Updated on September 18, 2022

Comments

  • JesseP
    JesseP almost 2 years

    I have backend web servers that receive requests by way of haproxy->nginx->fastcgi. The web app used to see multiple ip's coming through in the X-Forwarded-For header, chained together with commas (most original IP on the left).

    At some point in the recent past (just noticed, so not sure what caused it) something changed, and now I'm only seeing a single IP passed in the header to my web application.

    I've tried with haproxy 1.4.21 and 1.4.22 (recent upgrade) with the same behavior. Haproxy has the forwardfor header set:

    option forwardfor
    

    Nginx fastcgi_params config defines this header to be passed to the app:

    fastcgi_param HTTP_X_FORWARDED_FOR $http_x_forwarded_for;
    

    Anyone have any ideas on what might be going wrong here?

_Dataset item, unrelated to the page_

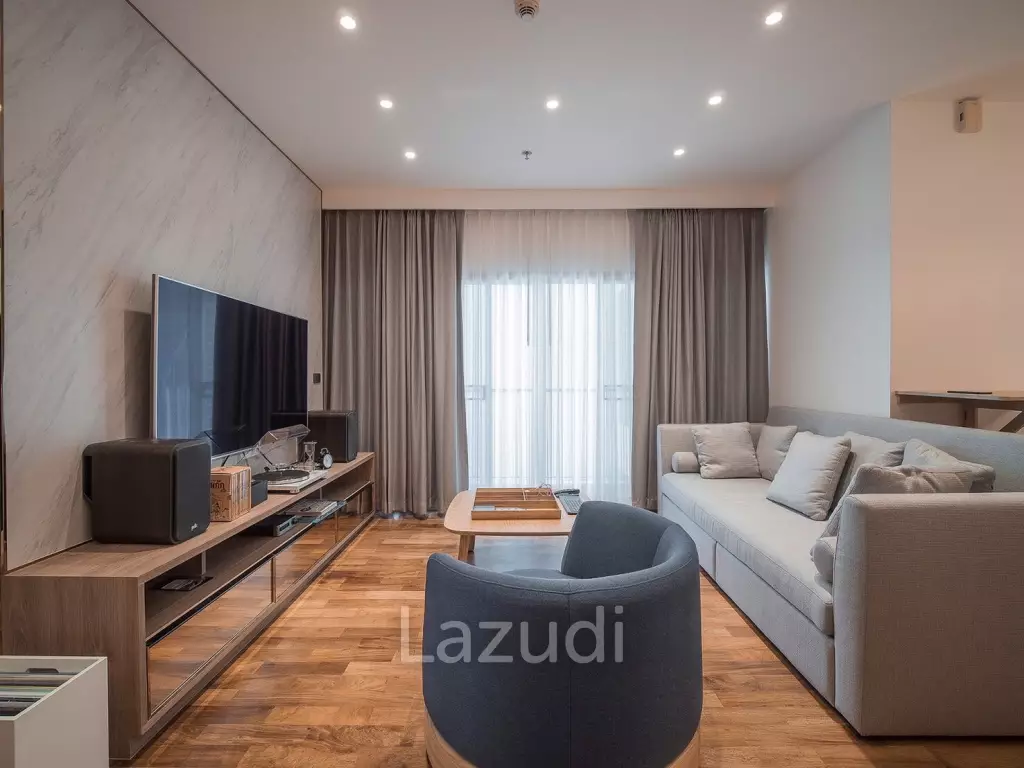 2 Bedroom 2 Bathroom 114 Sqm At Noble Ora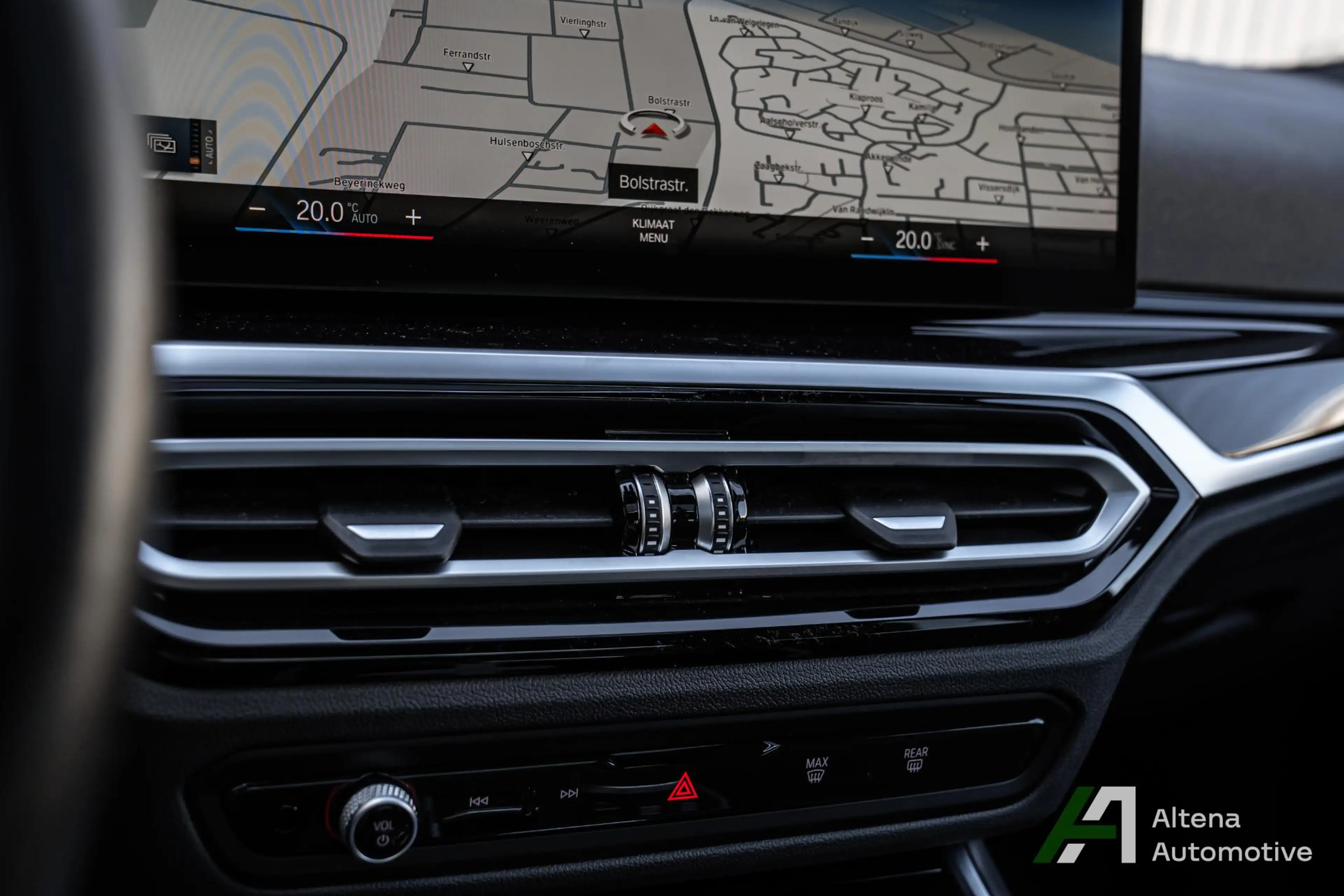 BMW 340 3-serie M340i xDrive BTW, schuifdak, Harman kardon — photo 21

    EDIT: I just started logging the $http_x_forwarded_for variable in nginx logs, and nginx is only ever seeing a single IP, which shouldn't ever be the case, as we should always see our haproxy ip added in there, right? So, issue must either be in nginx handling of the variable coming in, or haproxy not building it properly. I'll keep digging...

    EDIT #2: I enabled request and response header logging in HAProxy, and it is not spitting anything out for X-Forwarded-For, which seems very odd:

    Oct 10 10:49:01 newark-lb1 haproxy[19989]: 66.87.95.74:47497 [10/Oct/2012:10:49:01.467] http service/newark2 0/0/0/16/40 301 574 - - ---- 4/4/3/0/0 0/0 {} {} "GET /2zi HTTP/1.1" O

    Here are the options i set for this in my frontend:

    mode http
    option httplog
    capture request header X-Forwarded-For len 25
    capture response header X-Forwarded-For len 25
    option httpclose
    option forwardfor
    

    EDIT #3: It really seems like haproxy is munging the header and just passing on a single one to the backend. This is fairly impacting to our production service, so if anyone has an ideas it would be greatly appreciated. I'm stumped... :(

  • JesseP
    JesseP over 11 years
    Willy, thanks for the response. while I did have something in front of haproxy at one point, I am pretty sure that haproxy frequently sent on XFF headers with a chain of IPs in the past. Did this used to happen in older versions, where the newer versions just send on the just one IP? At some point i wrote code in my app to pull the proper IP from the XFF chain, instead of the request IP, if the XFF header was present (at least my haproxy in the request path) so i didn't geo-target the user to the location of my load balancer.
  • JesseP
    JesseP over 11 years
    Is there a better way (at least with >= haproxy 1.4.21) to determine the clients IP for geolocation purposes (not their private IP incase they are running through a proxy)?
  • JesseP
    JesseP over 11 years
    Also,thanks for the suggestion around keep alive. I'll be sure to give that a shot for our website and client dashboard to see how it improves load times. :). Or service,where we use geoip most, is usually just single requests, so we chose to disable keep alive there.
  • Willy Tarreau
    Willy Tarreau over 11 years
    I don't get your point then. The client's IP is sent in the XFF header to the server. Concerning keep-alive, you may then use "forceclose" to disable it more efficiently than with "httpclose" as it releases the server connection earlier.
  • JesseP
    JesseP over 11 years
    Is there a way to put the clients public ip in the header instead of their private, if they are passing through a proxy on the way? I see a good handful of 10., 192., etc (private ips) in the header the today, which I'm of course unable to geo-locate.
  • JesseP
    JesseP over 11 years
    Also, just to clarify you say: "The client's IP is sent in the XFF header to the server" Are you saying that HAProxy intentionally only adds a single IP to the XFF header, for the clients actual IP address? (even if there were already one or more XFF IP addresses in the header) If this is the case, what I want to be able to extract on my server side is the first public IP in the chain from the client, so I can use it for GeoIP resolution. Is there a way to do this? My current implementation sometimes returns a private ip.
  • JesseP
    JesseP over 11 years
    Willy, the problem is that I used to ser multiple addresses in the header and wrote code in my application to pull out the first non-private IP in the chain and use it, which worked great. A some point something changed and now I only ever receive a single address in the header at my application level, which seems like haproxy is applying that reqidel logic by default or something. Do you see any reason that would be overwriting the chain instead of appending, based on my config?
  • Willy Tarreau
    Willy Tarreau over 11 years
    It does not do that by default, and I suspect that your application does not iterate over all headers but randomly picks one and uses the value it carries. Haproxy never modifies the existing header, it always adds one with the new value. It may be the one your application is seeing, but your application should also see the previous ones.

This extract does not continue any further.